Welcome to the Operator training edition of Chemical Processing's Distilled Podcast. This podcast in its transcript can be found at chemicalprocessing.com. You can also download this podcast on your favorite player. I'm Traci Purdum, editor-in-chief of CP. Joining me to help resurrect our operator training discussions we had years ago is Dave Strobhar, founder and principal human factors engineer for Beville Engineering. Dave is also the founder of the Center for Operator Performance.

Hey, Dave, how are you? It's been a couple years since we've chatted.

Dave : Yeah, yeah. A couple of eventful years with Covid, so it's great to be back, Traci, and looking forward to things getting back to normal on this end.

Traci: All right. Well, I don't know if they'll ever get back to normal, but status quo might be better.

Dave: Right, exactly.

Traci: You were recently involved with some research that pointed to the fact that advanced process control degrades operator skills. Can you talk a little bit about that study?

Dave: Sure, sure. A little background is that ever since advanced process control has been implemented on various units, there was a feeling going around that because the APC, the advanced process control was doing a lot of the operating that the operators skills were degrading. They weren't getting the practice that they were used to having without APC. This was a feeling and people sort of suspected it, and they were even companies that we're taking actions to correct for it by turning the APC off for a week at a time. All of this was done just on sort of a gut feel. I had an operator one time tell me, he said, "APC makes good operators better and bad operators worse." This notion of skill degradation has been in the industry for at least over a decade and maybe closer to almost two decades now, where there was this belief that there was a degradation.

Well, the Center for Operator Performance wanted to find out, part of our goal was to quantify things that are in the industry, and one of them was, so we asked the question, is there a performance decrement if you are running advanced process control? People believed there was, but we really had no data on whether there was or wasn't. It might just be a sort of folk myth that was going around the industry. The Center for Operator Performance commissioned a study with James Henry at Lamar University to look at is there a loss of skill with advanced process control? Dr. Henry used a group of engineering students to try to test out whether this hypothesis were true or not. What he did was he took a number of students and trained them on how to run a debutinizer on a distributed control system.

They spent approximately three weeks going through training to get them up to a reasonable level of performance that they could sustain. Then after that point, the group went through various periods, they were split up in terms of how long would they operate with the advanced process control on versus how long would they operate with the advanced process control off. What Dr. Henry came away with was actual data that showed that decrement. After just a week with the APC on, there was a loss of about 10% of their skill level with it on for two weeks continuously.

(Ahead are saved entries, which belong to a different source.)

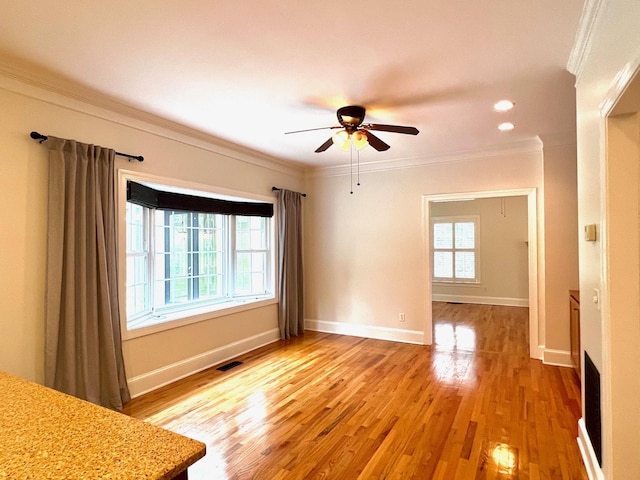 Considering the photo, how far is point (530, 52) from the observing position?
2307 mm

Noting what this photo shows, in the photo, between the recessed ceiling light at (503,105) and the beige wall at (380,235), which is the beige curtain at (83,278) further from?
the recessed ceiling light at (503,105)

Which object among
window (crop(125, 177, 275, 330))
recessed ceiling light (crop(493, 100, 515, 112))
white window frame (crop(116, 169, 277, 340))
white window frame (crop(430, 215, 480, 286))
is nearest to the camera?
recessed ceiling light (crop(493, 100, 515, 112))

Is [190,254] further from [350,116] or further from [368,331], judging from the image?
[368,331]

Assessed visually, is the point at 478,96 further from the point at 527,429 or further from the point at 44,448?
the point at 44,448

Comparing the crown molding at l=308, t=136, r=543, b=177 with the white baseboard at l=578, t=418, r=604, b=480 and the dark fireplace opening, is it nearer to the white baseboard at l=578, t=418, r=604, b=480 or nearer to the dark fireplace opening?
the dark fireplace opening

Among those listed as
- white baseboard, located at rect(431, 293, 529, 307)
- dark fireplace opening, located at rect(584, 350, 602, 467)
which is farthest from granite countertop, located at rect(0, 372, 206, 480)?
white baseboard, located at rect(431, 293, 529, 307)

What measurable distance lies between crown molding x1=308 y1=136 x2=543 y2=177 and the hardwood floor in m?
2.57

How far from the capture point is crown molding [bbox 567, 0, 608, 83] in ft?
5.89

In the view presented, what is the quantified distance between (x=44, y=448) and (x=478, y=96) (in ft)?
11.3

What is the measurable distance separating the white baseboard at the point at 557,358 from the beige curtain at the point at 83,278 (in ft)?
14.8

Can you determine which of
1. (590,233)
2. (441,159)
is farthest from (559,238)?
(590,233)

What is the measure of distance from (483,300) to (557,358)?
4.20m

If the student hadn't had to interact with the process for two weeks, there was almost a 50% loss in performance. It went from 60% accuracy rate down to about a 30% accuracy rate. At that point, it stayed pretty steady. It turns out most of the loss occurred in the two weeks immediately after the APC was active and then it stayed steady. There was no loss after that. Didn't matter how long they were on, whether they were on 3, 4, 5, 6 weeks, there was no additional performance loss. This answered just a wide range of questions that the industry members that make up the Center for Operator Performance had had.

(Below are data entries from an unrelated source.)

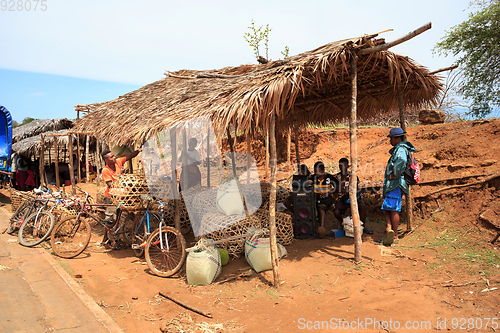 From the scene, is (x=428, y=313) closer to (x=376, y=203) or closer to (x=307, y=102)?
(x=376, y=203)

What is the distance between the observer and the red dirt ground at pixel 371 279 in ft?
10.7

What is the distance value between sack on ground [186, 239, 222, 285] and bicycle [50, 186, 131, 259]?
2050 mm

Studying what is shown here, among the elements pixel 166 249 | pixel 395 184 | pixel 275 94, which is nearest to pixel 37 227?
pixel 166 249

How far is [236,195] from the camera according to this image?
16.9ft

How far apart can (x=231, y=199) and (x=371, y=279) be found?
2.43 m

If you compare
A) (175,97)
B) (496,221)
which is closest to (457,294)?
(496,221)

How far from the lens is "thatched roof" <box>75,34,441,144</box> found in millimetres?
4055

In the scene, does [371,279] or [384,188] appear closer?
[371,279]

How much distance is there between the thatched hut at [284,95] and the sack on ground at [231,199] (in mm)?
1135

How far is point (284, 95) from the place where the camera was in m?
3.97

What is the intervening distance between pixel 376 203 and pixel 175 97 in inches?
194

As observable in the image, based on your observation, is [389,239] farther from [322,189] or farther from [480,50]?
[480,50]

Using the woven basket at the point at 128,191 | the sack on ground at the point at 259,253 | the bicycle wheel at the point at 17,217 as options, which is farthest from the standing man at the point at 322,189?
the bicycle wheel at the point at 17,217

All right. We suspected that there was a loss with APC, and what we found is yes, indeed, there does appear to be a loss with APC. The question was, well, when does it occur? Does it occur only after I've been on APC for a long time? Does it occur right away? How long before we see the decrement? The data came back and said, well, the decrement here occurred almost immediately. The other question was just, do you keep just getting worse and worse and worse and worse? The answer is no, that you do plateau out at a certain level. It provided a lot of data that now the industry reps can make decisions regarding, well, how do they want to deal with this? How do they want to address this potential skill loss that we're seeing?

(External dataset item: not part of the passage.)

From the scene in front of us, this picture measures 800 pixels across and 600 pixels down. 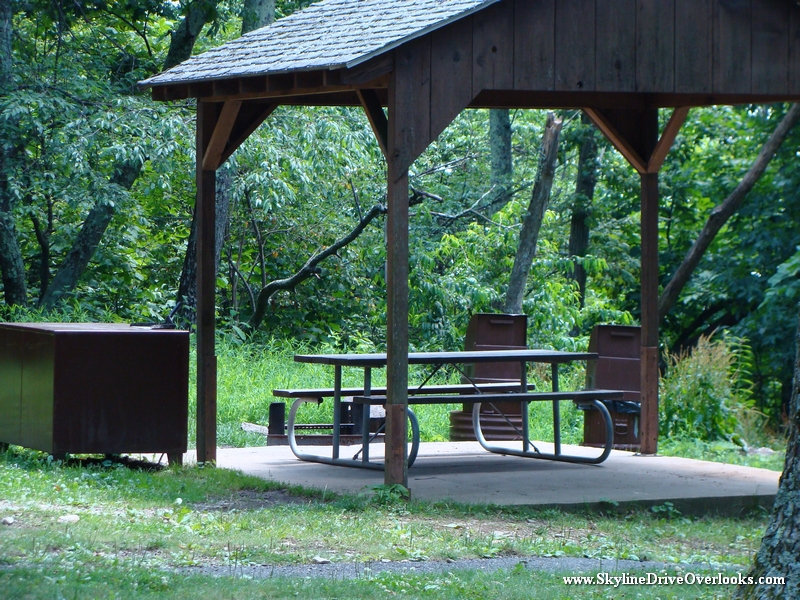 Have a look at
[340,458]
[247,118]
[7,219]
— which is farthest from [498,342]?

Now, we know this was done with students, and so we wouldn't expect the exact numbers to be the same with process plan operators, but we would expect the patterns to be very similar because that's what we've seen elsewhere is that when we have students do it, and then we have actual operators do it, the actual operators, of course, they perform better than the students. And so, the numbers are a little different, but the patterns tend to be about the same. You see that same sort of pattern. That same decrement we would expect to see with the actual operators. Now we know that we know that decrement is there. Now we can start looking at, okay, how are we going to change things to bring that decrement back and get the operators up to full performance?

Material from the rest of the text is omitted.